Ok, enough with the language jokes, let’s take a quick look at the Greek language so you’re a bit more clued up on its origin, use, and vocabulary.
I hope you enjoy this post as much as I enjoyed bringing it together. If you have any requests for other languages, let me know in the comments section!
Where is Greek spoken?
Greek is the official language of Greece (also called the Hellenic Republic) and the Republic of Cyprus. I know, shocking, right?
Outside of these countries, there are big Greek and Cypriot communities in the US, the UK, Australia, Germany, Canada, Chile, South Africa and Russia, but also in neighbouring countries, such as Albania, Bulgaria and Turkey.
Spoken by about 13 million people, Greek belongs to the Hellenic branch of the Indo-European language family.
A Brief History of Greek
The Greek language has a long and rich history stretching all the way back the thirteenth century B.C. to the present.
The earliest form of the language is called “Linear B” (13th century B.C). This form of Greek used by writers such as Homer (8th century B.C.) and Plato (4th century B.C.) is called “Classical Greek.”
Modern Greek, which is what you’ll encounter in your travels, is a descendant of Proto-Greek, the ancestor of all Greek dialects.
The 24 letters of Greek alphabet was developed from the Phoenician alphabet and has been in use since the late 9th or early 8th century BC.
The word alphabet itself comes from the first two letters of the Greek alphabet: άλφα [alpha] and βήτα [beta].
The Greek alphabet gave rise to the Latin, Cyrillic, Gothic and various other alphabets.
Now for the tricky stuff!
In 1982, the Greek language was greatly simplified with the introduction of the monotonic system. Since then, only the acute accent and the double dots are used instead of the many other little marks that could surround a letter.
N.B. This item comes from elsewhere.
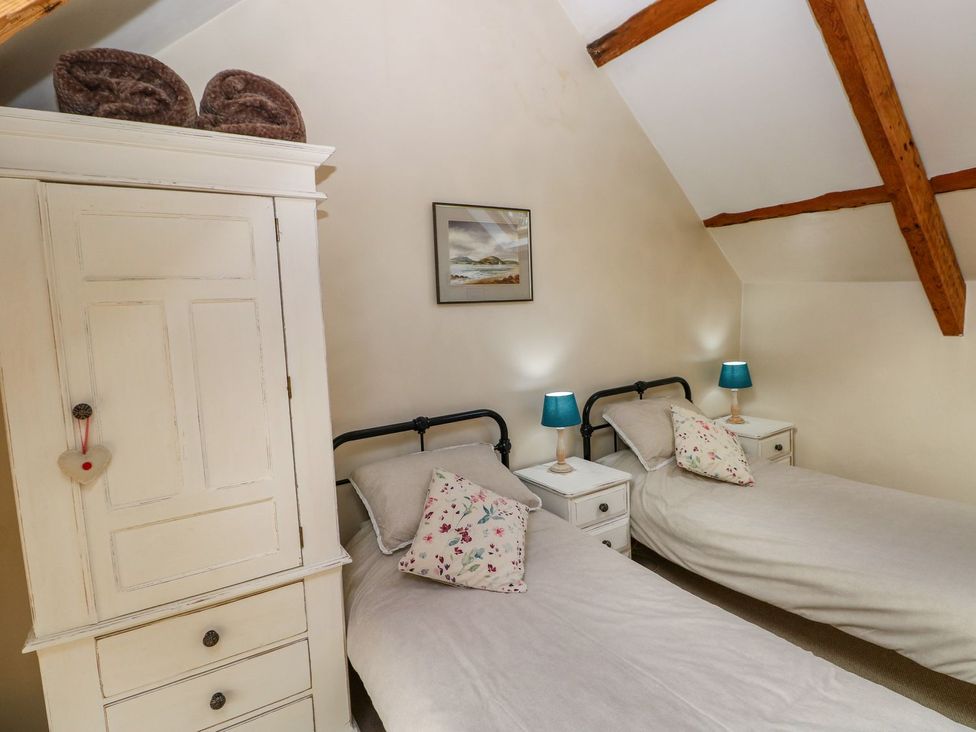 A bedroom with two beds and a wardrobe at 1 Mill Farm Cottages in Narberth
As a general rule, all Greek words of more than one syllable, with a few exceptions, are written with an accent which indicates where you should put the emphasis.
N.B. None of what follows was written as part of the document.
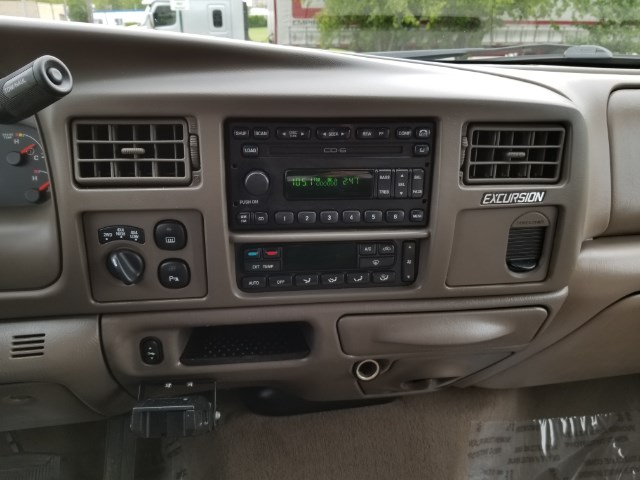 Tan center dash of a Ford Excursion with stacked radio and climate controls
It’s estimated that around 30% of the English vocabulary consists, directly and indirectly, of words of Classical Greek origin. Most of them are technical and scientific terms.
Words of Greek origin are often used at the beginning of a word, such as:
Some other words of Greek origin include;
|Academy||Akademeia ‘grove of Akademos’, a legendary Athenian of the Trojan War tales on whose estate Plato taught his school.|
|Alphabet||alphabetos, from alpha + beta, first two letters of the Greek alphabet|
|Athlete||athletes ‘contestant in the games’, from athlein ‘to contest for a prize’|
|Bishop||episkopos ‘watcher, overseer’, a title for government officials, later taken over in a Church sense, fromepi- ‘over’ + skopos ‘watcher’|
|Catholic||katholikos, from kata ‘about’ + genitive case of holos ‘whole’|
|Cosmos||kosmos ‘orderly arrangement’|
|Dinosaur||deinos ‘terrible’ + sauros ‘lizard’|
|Diploma||diploma ‘license, chart’|
|Drama||drama (genitive of dramatos) ‘play, action’ from dram ‘to act, perform’|
|Exodus||exodus ‘going out’, from ex- ‘out’ + hodos ‘way’|
|Genesis||genesis ‘origin, creation’|
|Method||methodus ‘scientific method of inquiry’ from meta- ‘after’ + hodos ‘way’|
|Metropolis||metropolis ‘mother city’ from meter ‘mother’ +polis ‘city’|
|Monarchy||monarkhia ‘absolute rule’ from monos ‘alone’ + arkhein ‘to rule’|
|Psalm||psalmos ‘song sung to a harp,’|
|Rhythm||rhythmos ‘measured flow, movement’|
|Syntax||syntaxis ‘a putting together’ from syn- ‘together’ + tassein ‘arrange’|
|Thesaurus||thesauros ‘treasury, storehouse’|
P.S. If you’re reading this on your phone and can’t see the pronunciation column, turn it to landscape mode. For some reason tables aren’t mobile friendly. Sorry!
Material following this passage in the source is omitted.